Posted: Sun Dec 13, 2009 9:54 pm
by rafidwh
Hi All,

I have the data as shown below and I need to pull the most dominant value, pl give me the best logic applicable

ID DT
1 X
1 X
1 Y
1 Y
1 Y
1 Z

There are two fields primary and secondary and my data should look like

ID DT Primary Secondary

1 X Y X
1 Y Y X
1 Z Y X

Here Y is the most domianant and X is the second most dominant.

Thanks in advance.

Posted: Sun Dec 13, 2009 11:37 pm
by jhmckeever
Assuming ...
1. By 'dominant' you mean 'frequent'
2. Your input data is sorted (as it is in your example)

Without designing the job in its entirety for you, here are a few suggestions ...

- Use an aggregator to generate a count of each DT value within each ID group

- Sort and propagate the first two rows (ie the two most frequent) on individual links - 'primary' and 'secondary' as apppropriate. You may want to use a key-change column and transformer stage variables to identify these.

- Rejoin primary and secondary columns to the input using the ID

That should hopefully be enough to get you started!

John.

Posted: Mon Dec 14, 2009 12:51 am
by rafidwh
Is there a way to check without using a trnasformer stage.
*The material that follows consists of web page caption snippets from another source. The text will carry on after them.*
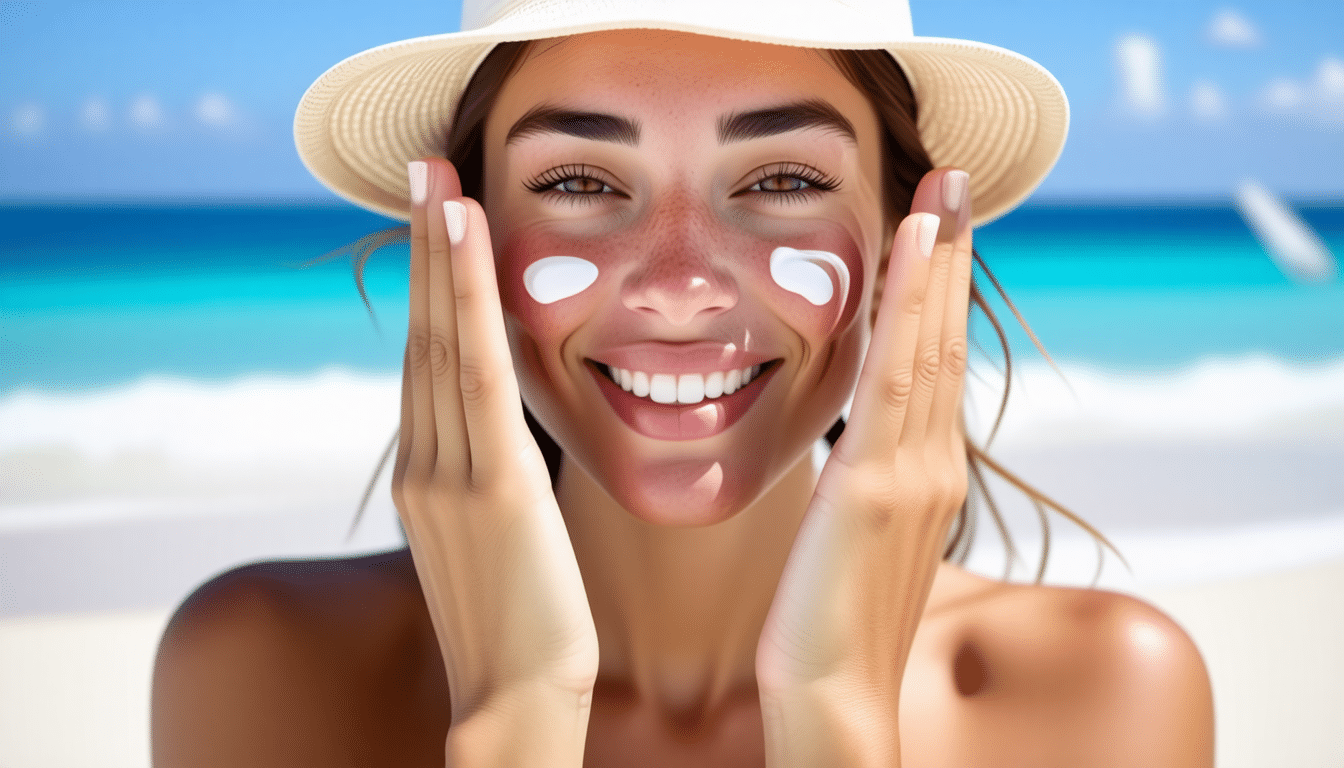 μάθε πώς να εφαρμόζεις σωστά το αντηλιακό για να προστατεύεις αποτελεσματικά το δέρμα σου από τις βλαβερές ακτίνες uv.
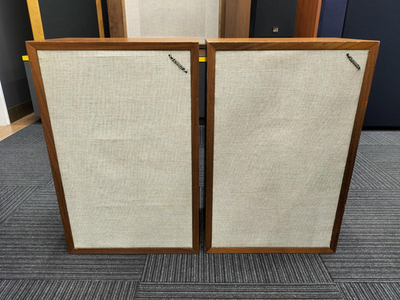 ◆大感謝祭!! TANNOY LSU/HF/3LZG ペア m0s9353 Tannoy LSU HF 3LZG 8U Pair Speaker Bookshelf Audio Equipment From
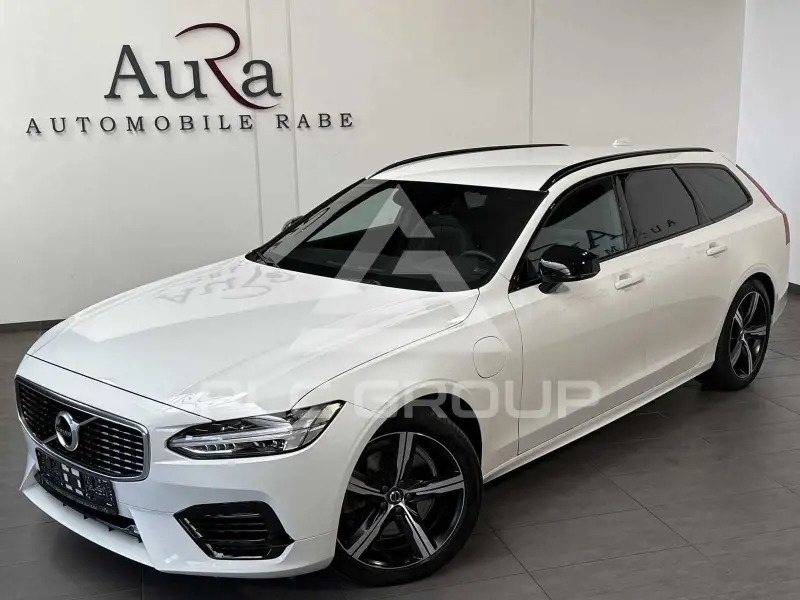 2020 Volvo V90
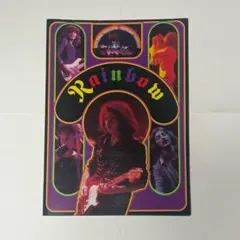 1978年 Rainbow レインボー 来日公演 パンフレット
Posted: Mon Dec 14, 2009 12:54 am
by rafidwh
The first point ie the aggregator is bit confusing, how can i get count on DT within group ID

Posted: Mon Dec 14, 2009 1:23 am
by ray.wurlod
rafidwh wrote:Is there a way to check without using a trnasformer stage.
Probably. But why?

Posted: Mon Dec 14, 2009 1:26 am
by jhmckeever
1. What's the objection/restriction around using Transformer stages?

2. Specify 'ID' and 'DT' as grouping keys and use an aggregation type of 'Count Rows'. This will count unique ID/DT combinations. Define a 'Count Output Column' and add a descending sort by this column.

Posted: Mon Dec 14, 2009 9:53 am
by rafidwh
Hi Ray,

I am bit confused on how to use aggregator if I want to use the third dominant also apart from first and second dominant value.

Posted: Mon Dec 14, 2009 3:07 pm
by ray.wurlod
Why are you asking me? John McKeever suggested it, and explained correctly how to use it.

Third level = third grouping key (imagine you're doing it with an SQL query).